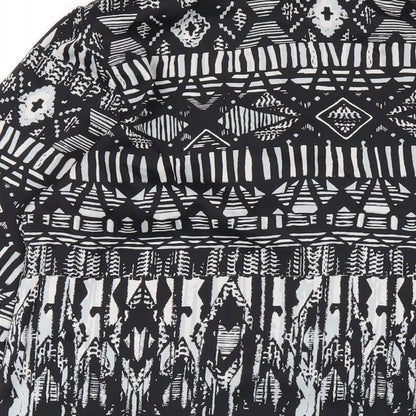 Womens UK Size XS Bob Mackie Black Basic Button-Up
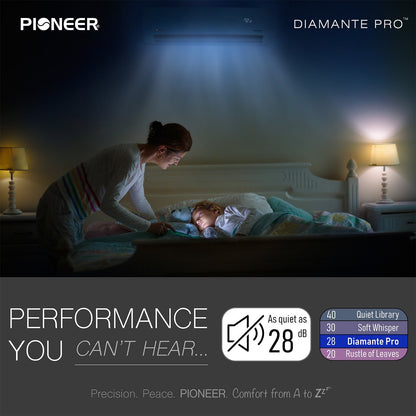 Pioneer Diamante Pro36,000 BTU 19 SEER2 230V High-Wall Ductless Mini-Split Air Conditioner Inverter Heat Pump with 16 Ft. Kit - WYT036GLSI20RL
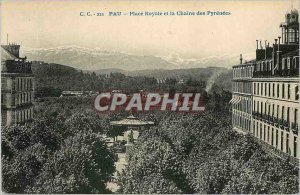 Old Postcard Pau Place Royale and the Chaine des Pyrenees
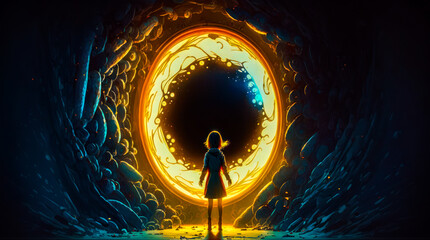 Girl standing in front of glowing circle. Generative AI.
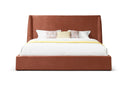 Roma - Modern Burnt Orange Microfiber Upholstered Bed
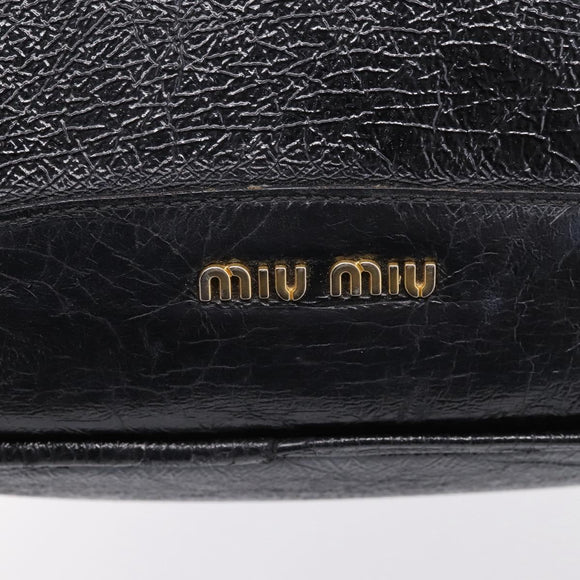 Miu Miu Hand Bag Leather Black Gold Auth 206226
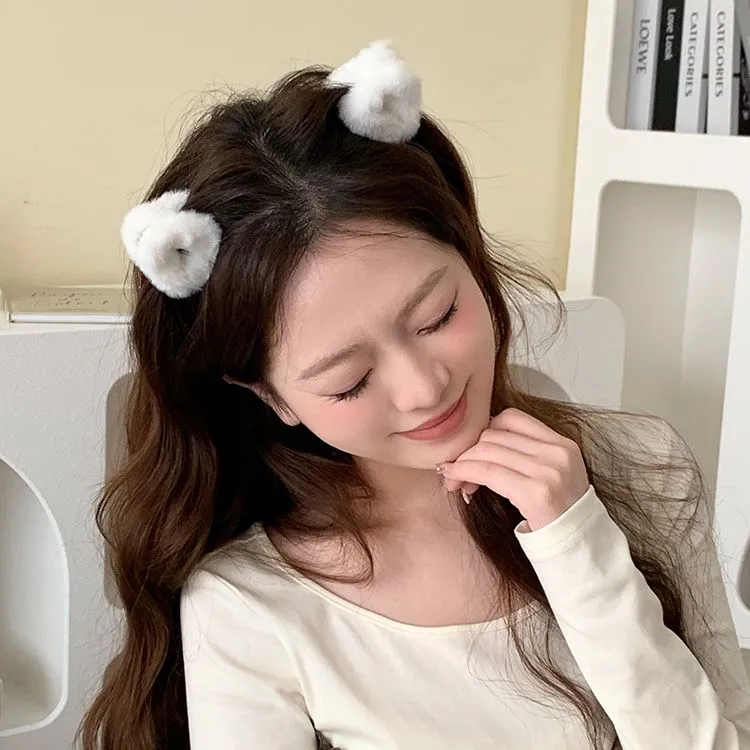 超可爱毛绒绒猫耳抓夹甜美少女公主头发抓前额碎发夹发饰女2024新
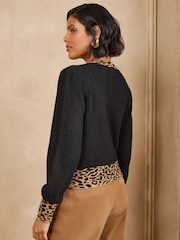 Love & Roses Black Leopard Bow V-Neck Knitted Cardigan - Image 3 of 4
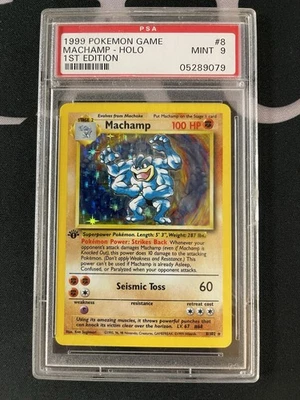 1999 POKEMON BASE SET 1ST EDITION #8 MACHAMP-HOLO PSA 9 - Image 1 of 2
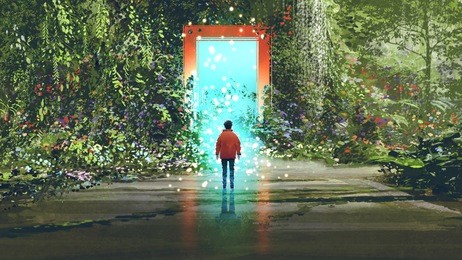 fantasy scenery showing the boy standing in front of the magic gate with glowing blue light in beautiful forest, digital art style, illustration painting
──────
**TASK DIRECTIONS:** The line that contains "Pioneer Diamante Pro36,000" opens the part to copy, and the last line of the records closes it; set down those lines exactly, pictures excluded.

**ANSWER AREA:**
 Pioneer Diamante Pro36,000 BTU 19 SEER2 230V High-Wall Ductless Mini-Split Air Conditioner Inverter Heat Pump with 16 Ft. Kit - WYT036GLSI20RL
 Old Postcard Pau Place Royale and the Chaine des Pyrenees
 Girl standing in front of glowing circle. Generative AI.
 Roma - Modern Burnt Orange Microfiber Upholstered Bed
 Miu Miu Hand Bag Leather Black Gold Auth 206226
 超可爱毛绒绒猫耳抓夹甜美少女公主头发抓前额碎发夹发饰女2024新
 Love & Roses Black Leopard Bow V-Neck Knitted Cardigan - Image 3 of 4
 1999 POKEMON BASE SET 1ST EDITION #8 MACHAMP-HOLO PSA 9 - Image 1 of 2
 fantasy scenery showing the boy standing in front of the magic gate with glowing blue light in beautiful forest, digital art style, illustration painting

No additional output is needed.